[TASK STATEMENT] Exact copies of the lines below, from the one with "2PCS RC Model" up to and including the one with "DYK? The #BCLeg", are what this calls for; leave out pictures.

[AVAILABLE DATA]
------------------------------------
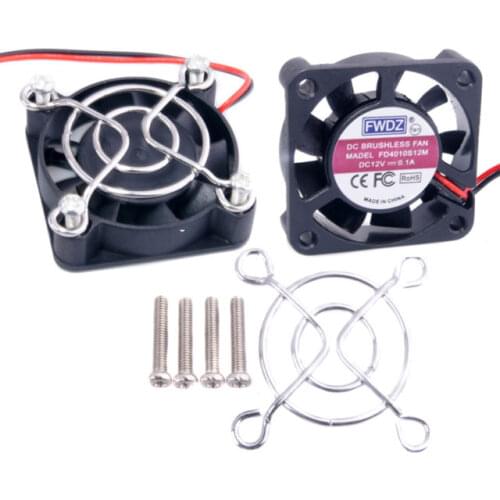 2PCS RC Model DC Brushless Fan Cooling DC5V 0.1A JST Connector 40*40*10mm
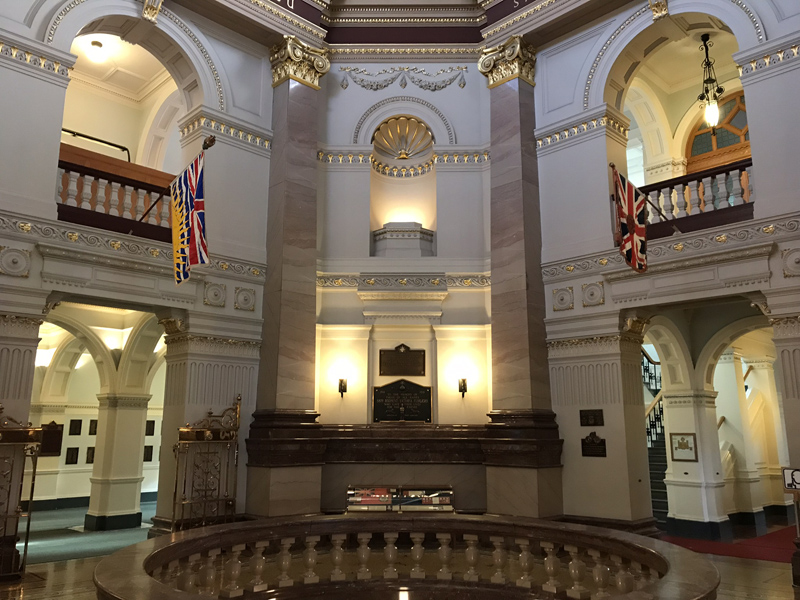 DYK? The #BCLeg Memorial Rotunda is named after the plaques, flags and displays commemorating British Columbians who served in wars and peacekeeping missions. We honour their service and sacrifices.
------------------------------------
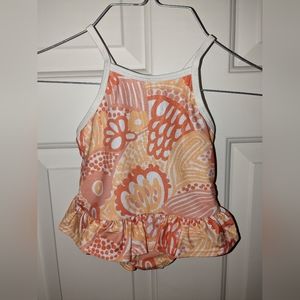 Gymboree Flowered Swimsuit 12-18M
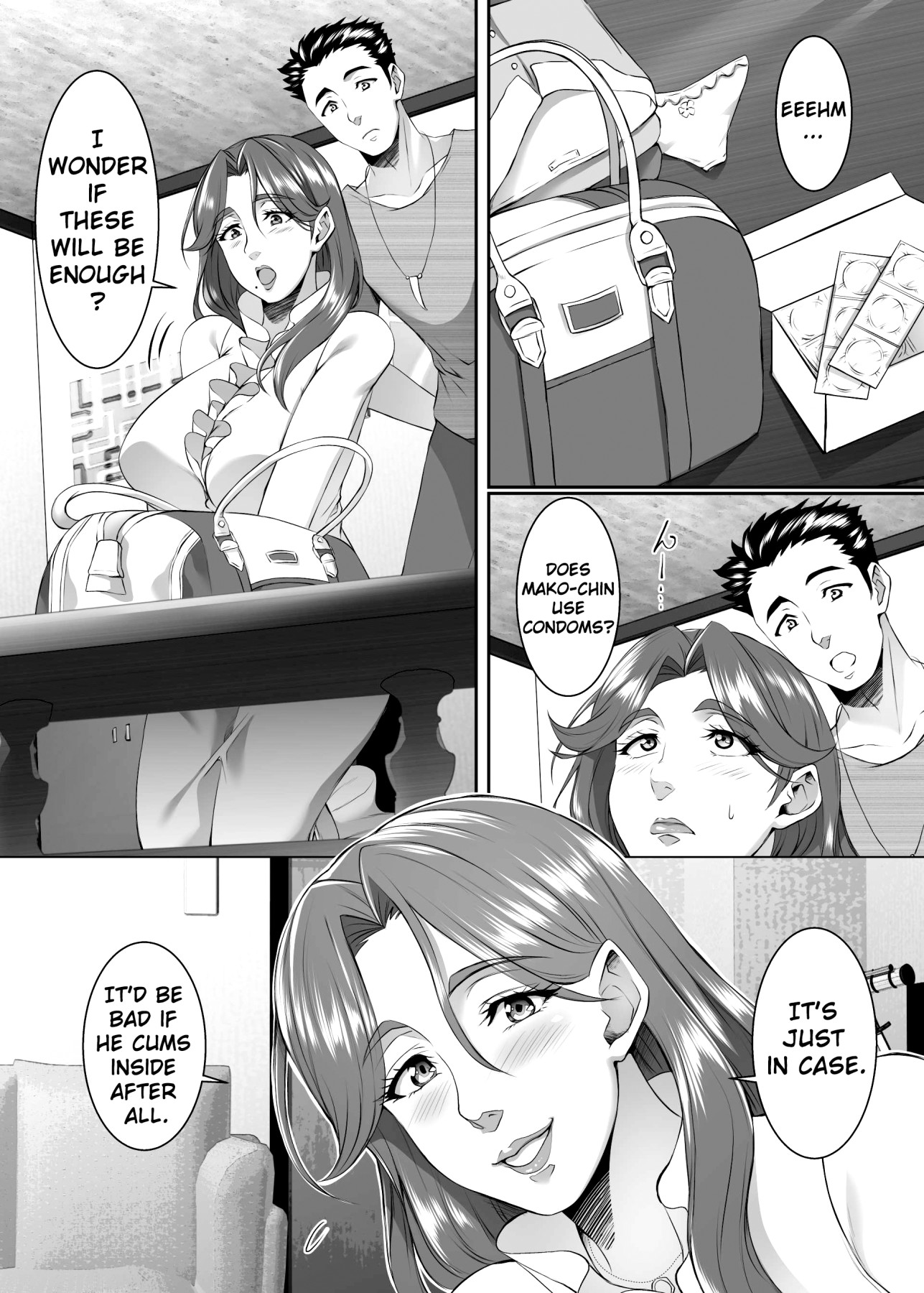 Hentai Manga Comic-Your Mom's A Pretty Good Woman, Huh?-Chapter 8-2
------------------------------------
[RESULT FOR THIS TASK]
 2PCS RC Model DC Brushless Fan Cooling DC5V 0.1A JST Connector 40*40*10mm
 DYK? The #BCLeg Memorial Rotunda is named after the plaques, flags and displays commemorating British Columbians who served in wars and peacekeeping missions. We honour their service and sacrifices.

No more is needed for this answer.